In 1963 I was commissioned to make a mosaic for the Church of Madera. The mosaic was made following my project and supervision by the Favret Mosaic in Pietrasanta, Carrara, northern Italy, where I went from Majorca with some frequency to view the progress of the work and suggest changes. In 1965 I returned to California for the installation of the finished mosaic which was contracted to be done by a local firm.
During the transportation of the many boxes containing the mosaic from Italy to California on a cargo ship, the glue that holds the mosaic pieces to the thick paper forming the work was eaten up by worms, whereupon more than half of the mosaic’s little pieces got loose. We realized the disaster as soon as the boxes were opened in Madera and saw thousands upon thousands of pieces piled up and paper without mosaic on it. Considering that the main mosaic was going to cover a surface of 3600 square feet (400 sq. m.), the enormity of the problem was obvious.
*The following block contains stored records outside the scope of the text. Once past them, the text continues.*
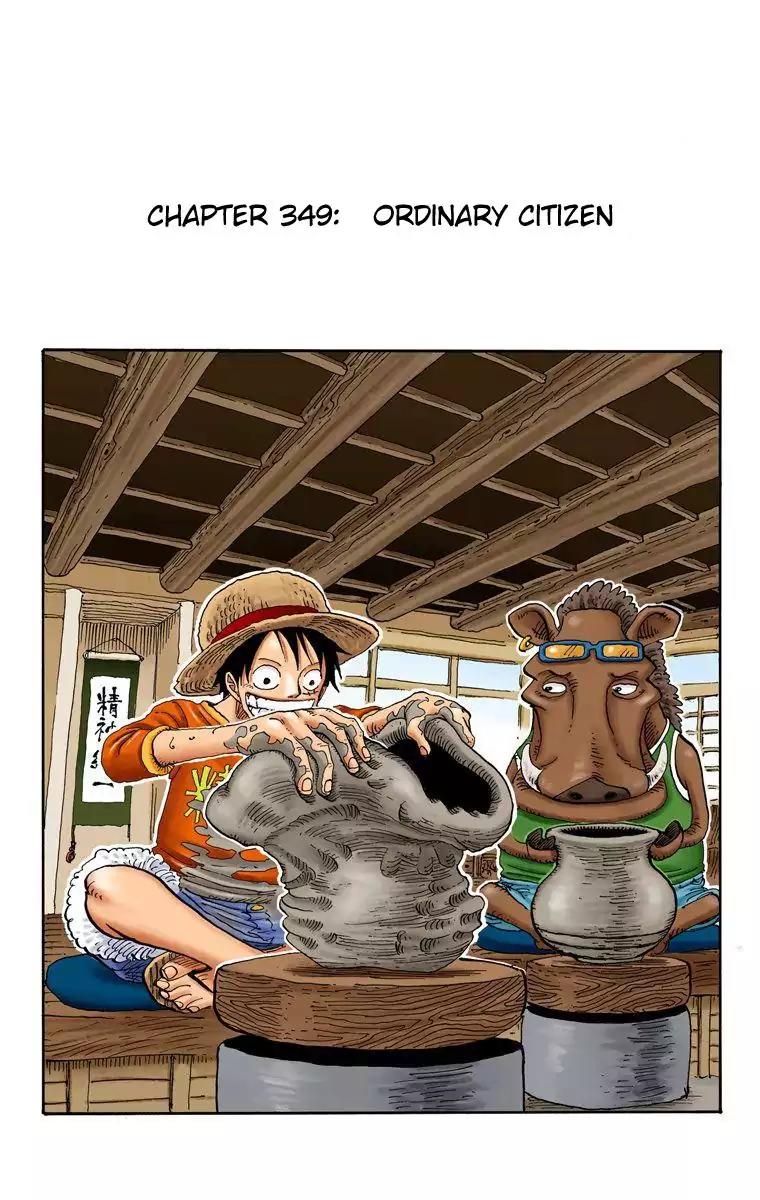 One Piece Chapter 349 - Page 2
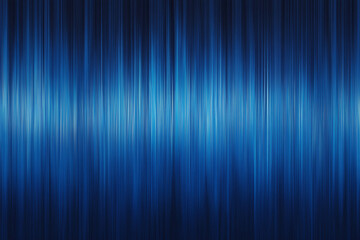 Dynamic blue background radiates energy through vertical lines, representing techno noise and rhythm that captivates the audience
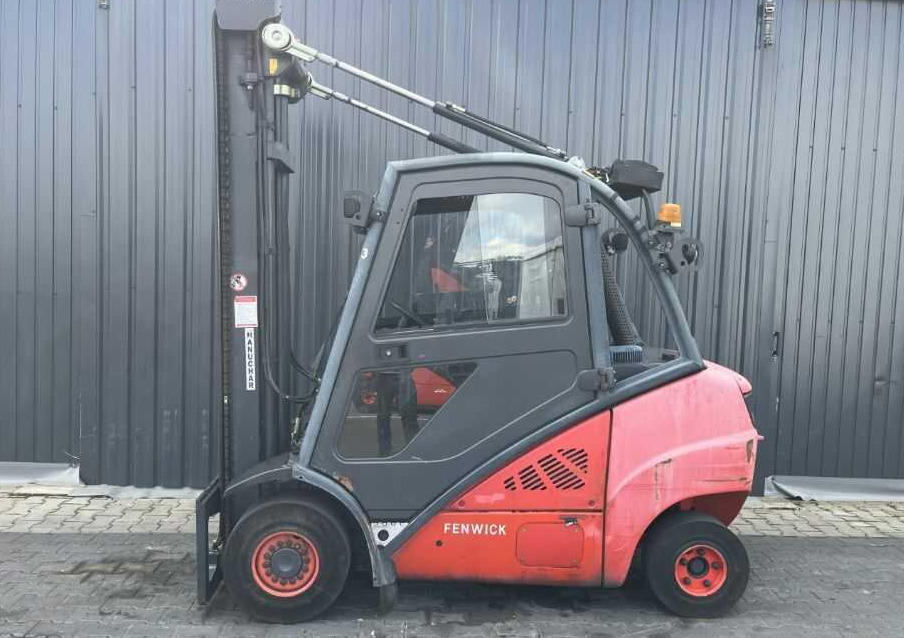 Linde H30D-01 - Carretilla elevadora diésel: foto 2 Linde H30D-01 - Carretilla elevadora diésel: foto 2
I was the only one at that point responsible for the work because the Favret Mosaic had been paid in full. Two years work of an experienced group of craftsmen had been almost totally destroyed. There was no other alternative than to undertake myself the making of what was missing, and it took me several months of painful work to finish it and complete the installation.
This prolonged time of work meant that the scaffolds had to be there covering the full area. No functions, such as the Mass or weddings, could take place, with the consequent loss of income for the parish. At one point I was told that the payments still due to me would be stopped immediately. I have to say here that, while the mosaic was being executed in Pietrasanta, the priest the Very Reverend Mario Buttini, O.S.J. that had approved enthusiastically the projects for the mosaic, had been replaced by a new rector and a new administrative committee, and they wanted something more traditional on the church.
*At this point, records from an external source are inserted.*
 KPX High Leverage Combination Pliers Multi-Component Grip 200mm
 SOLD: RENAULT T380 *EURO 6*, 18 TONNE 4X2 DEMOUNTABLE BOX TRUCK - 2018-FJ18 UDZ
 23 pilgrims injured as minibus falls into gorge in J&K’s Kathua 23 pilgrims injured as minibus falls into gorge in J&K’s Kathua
I did my best to finish the mosaic following my projects but to do it properly I’d have had to spend a few more months, which was out of the question. The quality of the completed work was not to my satisfaction. I wanted to remake several areas but I was told that the scaffolding was to be dismantled right then and I, furthermore, was not going to be paid. What to do? I decided that the solution regarding the payments would be to take off the head section of the Christ’s figure and keep it until full payment had been received, and so I did. They paid promptly, the head was installed again and the scaffolding taken down.
The solution did not improve the mosaic and I’ve been unhappy since then. I have no photographs, which I regret, of the entire apse; only one in colour from a detail of the left wall and some black and white photos taken from the project.